Спектакль в театре «Кашемир» «Человек, который ждёт» поставлен режиссёром Сергеем Арониным по мотивам романа Алессандро Барикко «Море-океан». Итальянский писатель делит всех людей на «три сорта»: «те, кто живет у моря; те, кого тянет в море; и те, кто из моря возвращается живым». Герои его истории отправляются к морю, чтобы исцелиться, отыскать вдохновение, сделать открытие, отомстить, побороть страхи, но каждый находит одно из двух – жизнь или смерть. В основу романа положено подлинное событие – крушение фрегата «Медуза» в 1816 году. Тогда на плоту оказалось 147 человек. Капитан и губернатор французской колонии в Африке со свитой расположились на лодках. Предполагалось, что эти лодки должны были буксировать плот, но этого не случилось. 147 человек остались на плоту в открытом море, из них выжило всего 15 человек, 5 – скончались уже после спасения.

Место действия спектакля – таверна «Альмайер», напоминающая корабль с наклонившейся палубой, белыми парусами, танцующими от дыхания «студёного воздуха», каютами и даже мостиком для капитана. Сценография Андрея Климова подчеркивает условность повествования, будто подсказывая зрителю – не пытайтесь всё объяснить. Параллельно реальности существует иное измерение, именно по его законам развивается сюжет. На голубом фоне, как на полотне маринистов, прорисовано «мнимое совершенство, достойное божественного ока».

Одним из первых на сцене появляется художник Плассон (Евгений Воскресенский), он «…пишет море морем», макает кисточку в воду и рисует. В попытках увидеть и написать портрет моря, Плассон совершенно беспомощен. Евгений Воскресенский играет блаженного, человека в белом цилиндре с зажжёнными свечами. Этот образ выполняет роль камертона спектакля: не связанный бытовыми путами, Плассон возникает, как ангел, предвестник чуда или проводник в пространство грёз, таких же невидимых, как и его пейзажи. Дуэт Евгения Воскресенского и Алексея Багдасарова (Бартльбум) – выразительный, эмоционально цельный, интересный. Актёры соединяют интонацию неторопливой сказки с притчей, не забывая и о самоиронии. Так они задают ритм «приливов и отливов», из которых складывается внутренний рисунок постановки.

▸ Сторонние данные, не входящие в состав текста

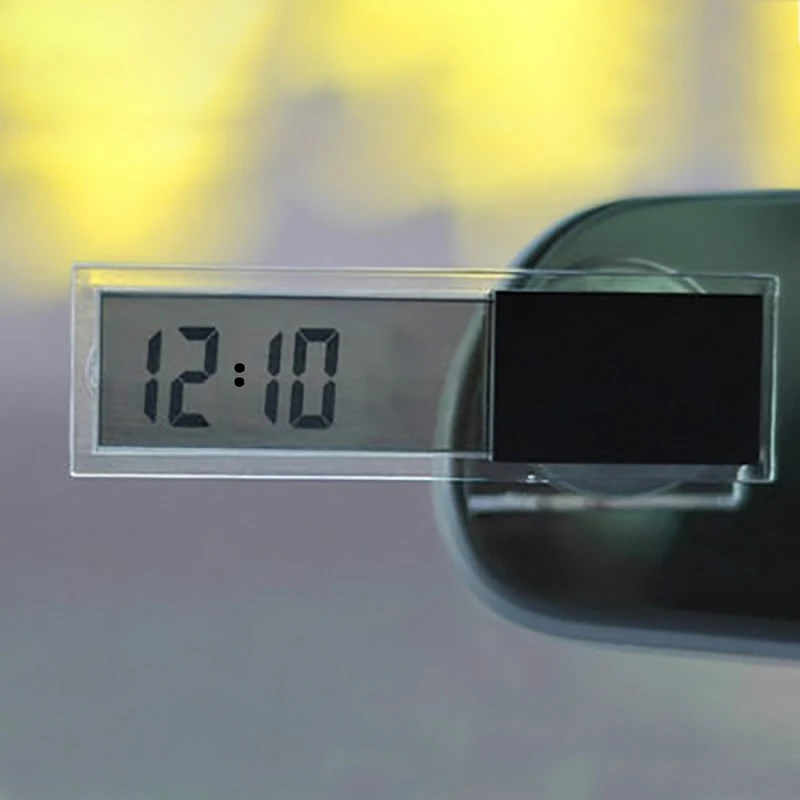 LCD Display Window-mounted Watches Mini Electronic Window Clock Suction Cup Car Watch LCD Display Auto Car Interior Accessories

Эффектной сценой становится пластический диалог Анн Девериа Ксении Роменковой и Бартльбума Алексея Багдасарова. Смычок в руках романтика Бартльбума превращается в шпагу, одно плавное движение, другое, змееподобный поворот тела, остриё вот-вот проткнёт фигуру Анн, и она развеется, как мираж. На сцене игра слов, смыслов, подтекстов сочетается с переодеваниями, сменой ролей, порывами ветра, способными сорвать паруса-занавеси, длинными проходками с фонариками и пластическими интермедиями.

Человек из седьмой комнаты Михаила Гуро и Дира Натальи Златовой напоминают характеры Арлекина и Коломбины из итальянской комедии дель-арте. Среди масок можно рассмотреть влюбленных и Бригеллу в облике Падре Плюша (Владимир Горюшин). Внеземным существом, хрупким и беззащитным кажется героиня Светланы Корчагиной − Элизевин. Она – источник наивного тона, который мягко заполняет весь спектакль, как капля акварели в воде. Это прокладывает путь жанру – от психологического триллера к сентиментальной балладе.

Одна за другой раскрываются перед зрителем истории персонажей: женщина пытается забыть любовника, учёный постичь пределы моря, художник не может поверить, что глазами моря могут быть корабли, кто-то тщетно ищет возлюбленную, а таинственный мужчина жаждет только одного – мести. Границы этих историй стирает море. С приближением развязки отслеживать сюжет становится сложнее, поток сознания стирает логическую цепочку событий, уступая место воображению. А оно дорисовывает судьбы загадочного доктора Савиньи (Дмитрий Беседа), энергичного поручика Галлега (Ярослав Зенин), трагический портрет Томаса Адамса (Герман Андреев).

«Говоря о море, мы говорим о вечности: затрагиваем темы любви и смерти…» − Сергей Аронин делает море не просто главным действующим лицом спектакля, но и возлагает на него роль античного рока, порождающего противоречия, заложенные в природе всех отношений. Зритель видит море глазами персонажей, ощущает его близкое присутствие через музыку, речь, пластику тела. «…вот мы идём и оставляем следы на песке, отчётливые, глубокие. А завтра ты встанешь, посмотришь на берег и ничего не найдёшь, никаких следов, ни малейших отметин. За ночь всё сотрёт море и слижет прибой. Словно никто и не проходил. Словно нас и не было», − после спектакля остаётся ощущение бриза из чувственных прикосновений к загадочной, красивой истории о бесконечном смещении границ понимания себя и мира.